At one time the Gay Center was located on 12th Street. It later moved to 159 Ralph McGill Blvd., where several HIV/AIDS service organizations, including Positive Impact and AIDS Survival Project, were located. The Lambda Center also located there, and the two efforts joined forces.
But the “159 Center” broke up when that space became too expensive, and in February 2003, the Gay & Lesbian Center moved to a house located at 170 11th St. The center closed soon afterwards in the wake of a lawsuit from a former employee.
Positive Impact and the AIDS Alliance for Faith & Health are now located at 139 Ralph McGill Blvd.
Despite the troubles Atlanta has had maintaining an LGBT community center, there is no excuse for the city to not have one, Teague said.
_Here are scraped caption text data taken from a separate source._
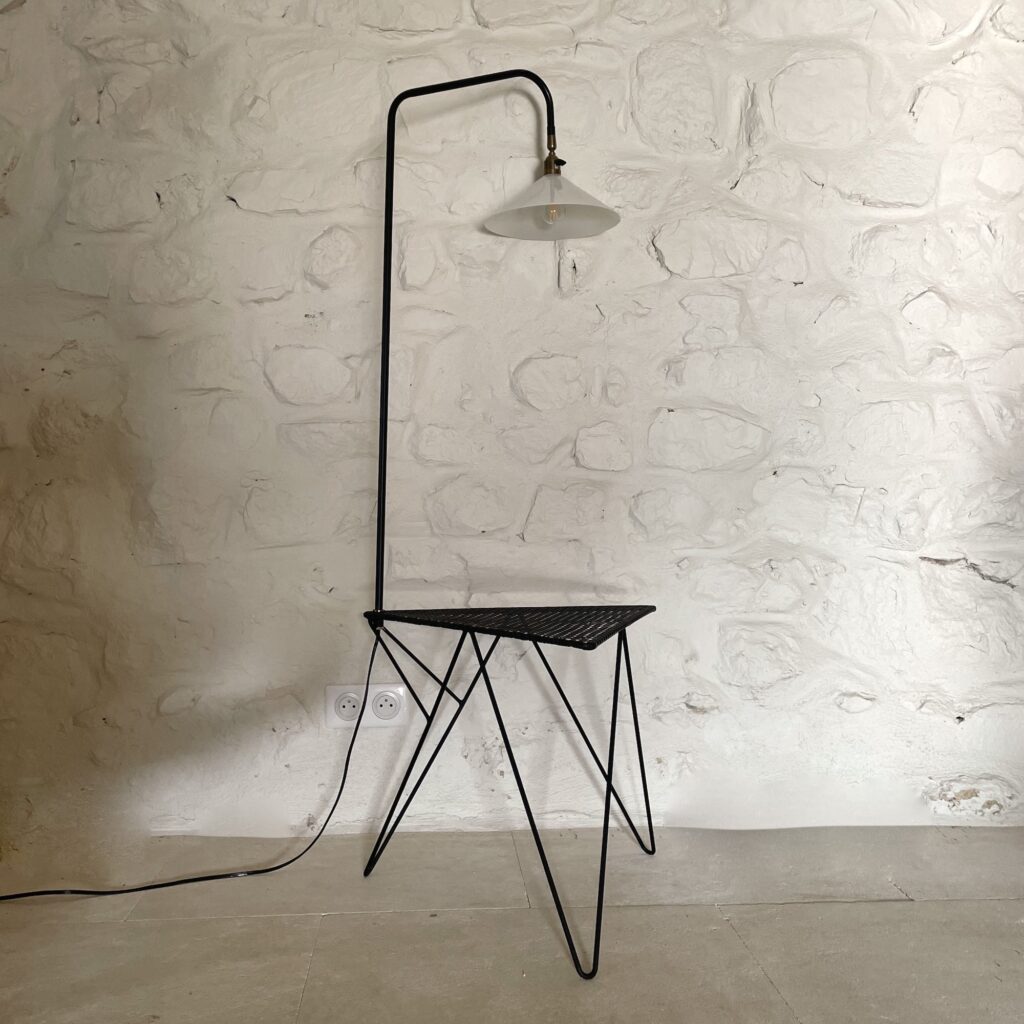 lampadaire_tablette_mategot_liseuse-opaline_bout_canape_maison_liedekerke_lk_1.jpeg
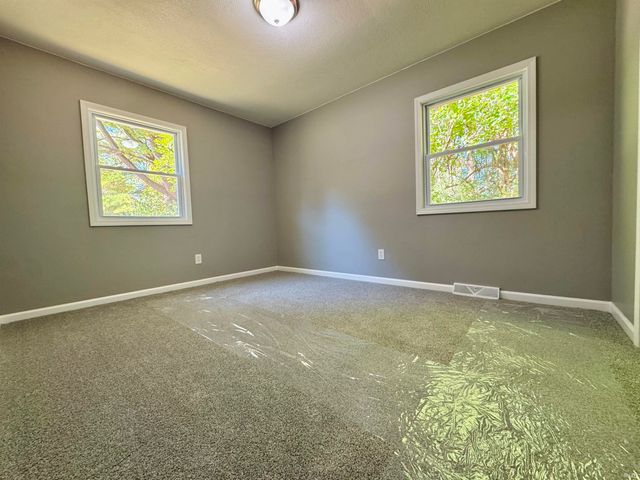 1539 S Ridgeview Road, Logansport, IN 46947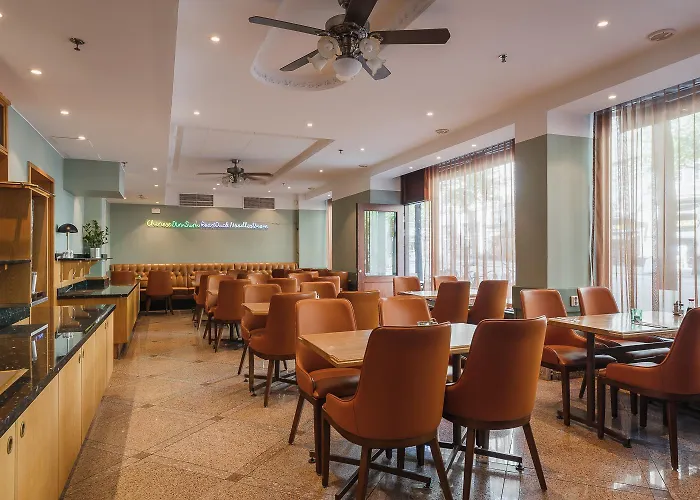 Crystal Plaza Hotel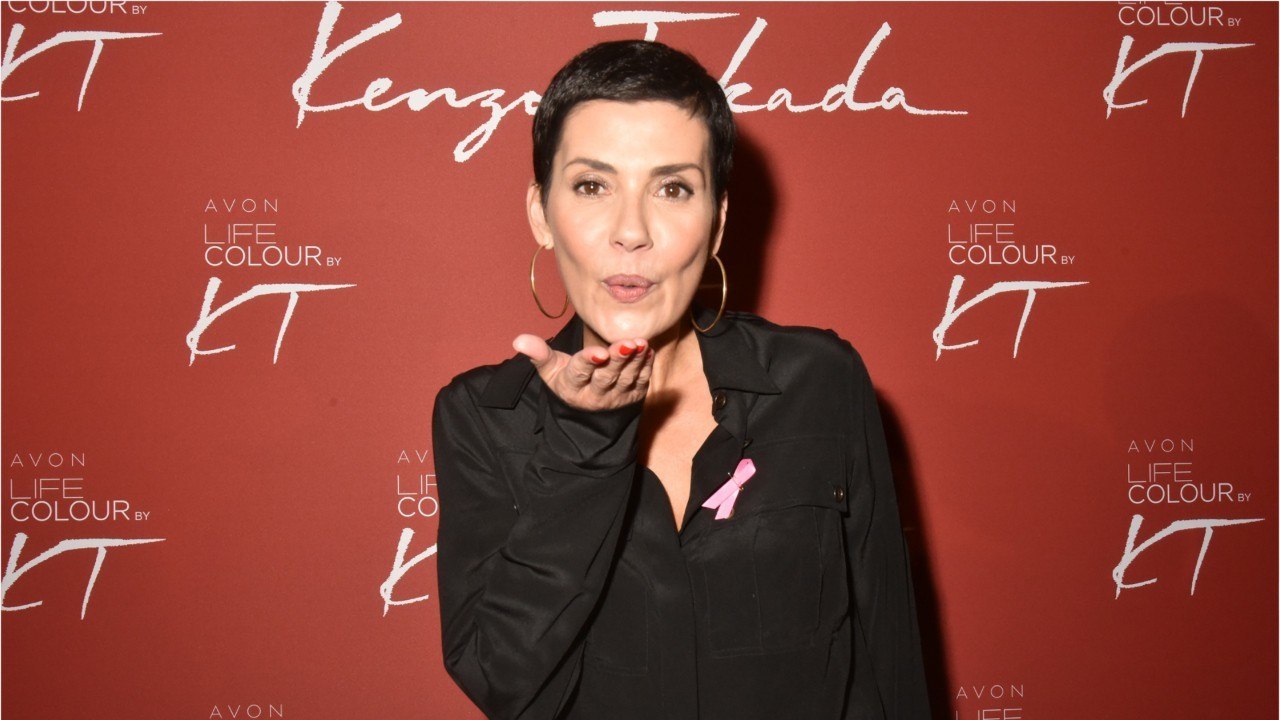 VOICI - Cristina Cordula en vacances au Cap Ferret : elle s'éclate en compagnie de célèbres amis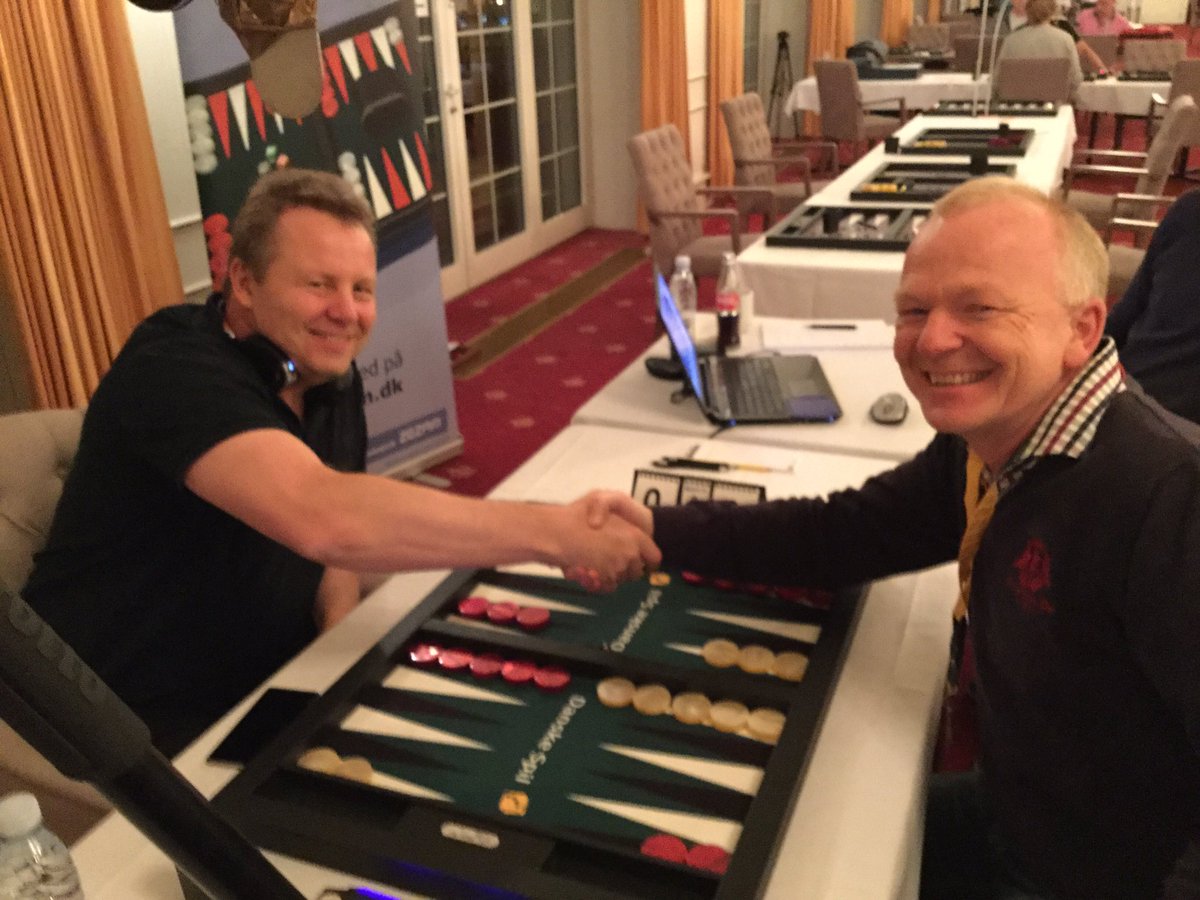 DBgFdk's tweet image. On live streaming now Volker Sonnabend (D) vs. Steen Grønbech (DK) in the round of the last 16

youtube.com/channel/UCmHwa…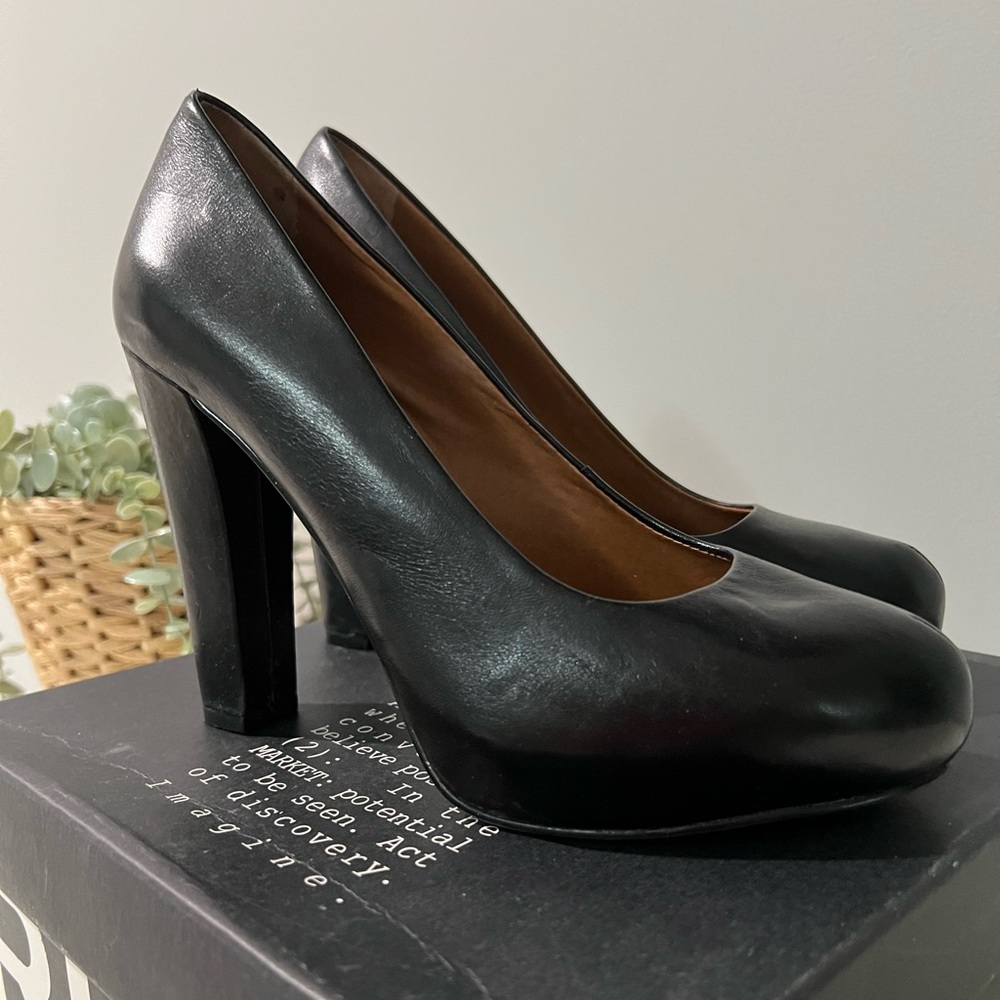 MRKT black hidden platform shoes size 7.5
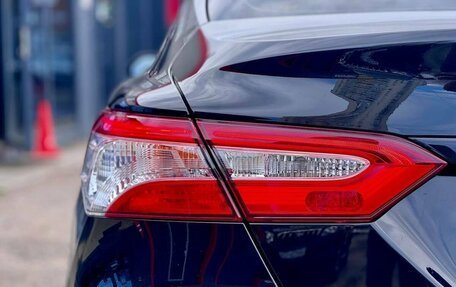 Toyota Camry, 2018 год, 2 129 000 рублей, 23 фотография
“[A community center] is never not needed,” he said. “We have one of the largest gay communities in America and we don’t have a home. Some grassroots activists are choking on a $10 million cost, but I’d like to see us move forward without worrying about the numbers.
“When I go to the doctor’s office, I sit in a beautiful space. There is no reason for us not to go to a beautiful space,” he added.
Exploring the possibilities
At an April 22 meeting at the gay bar Mixx on Piedmont Avenue, about 20 activists gathered to discuss the idea of building or renovating a current building for an LGBT community center similar to the large facilities in New York, Chicago and San Francisco.
Attendees expressed support for the concept of a world-class center in Atlanta, but stressed there is also the need to support the Phillip Rush Center that already provides space and resources to numerous LGBT organizations. The Rush Center, located on DeKalb Avenue, is named for gay community activist Phillip Rush, who died last April.
Realtor Barb Rowland organized the April 22 meeting with Justin Ziegler, executive director of the Atlanta Executive Network.
With MEGA Family Project, which rents space at the Rush Center, and other non-profits including Atlanta Pride struggling to meet their annual budgets, some attendees felt that money should be funneled to these groups already in existence rather than start a capital campaign for a new facility.
“Look at the criticism HRC [the Human Rights Campaign] gets because of its fancy building [in Washington, D.C.] — a lot of people are angry because so much money goes to the building rather than to resources,” said Kathy Kelly, executive director of MEGA Family Project.
Rowland said she had spoken with wealthy local residents who wanted to invest in a gay community center similar to ones in Chicago, New York and San Francisco. A proposed budget for such a new facility in Atlanta is up to $22 million, she said.
“The saying, ‘Build it and they will come’ — there is some truth to that,” Rowland said. “There are some very monied people here who want to invest in something to make a big splash.”
Nearly everyone agreed a community center to house organizations and programs and provide services to LGBT Atlantans is a great idea. How to do that, however, remains to be seen.
Anne Barr, founder of the Decatur Women’s Sports League, said she would love to see a large community center in Atlanta.
“We have to be the leaders of the South,” she said.
A community center would attract more LGBT people to Atlanta and to Georgia and provide a safe space for those people who don’t feel safe elsewhere, she added.
“I think we’re paying all this money in all these different directions to rent facilities, if we could put it together we could own it. I’m excited,” Barr said after the meeting.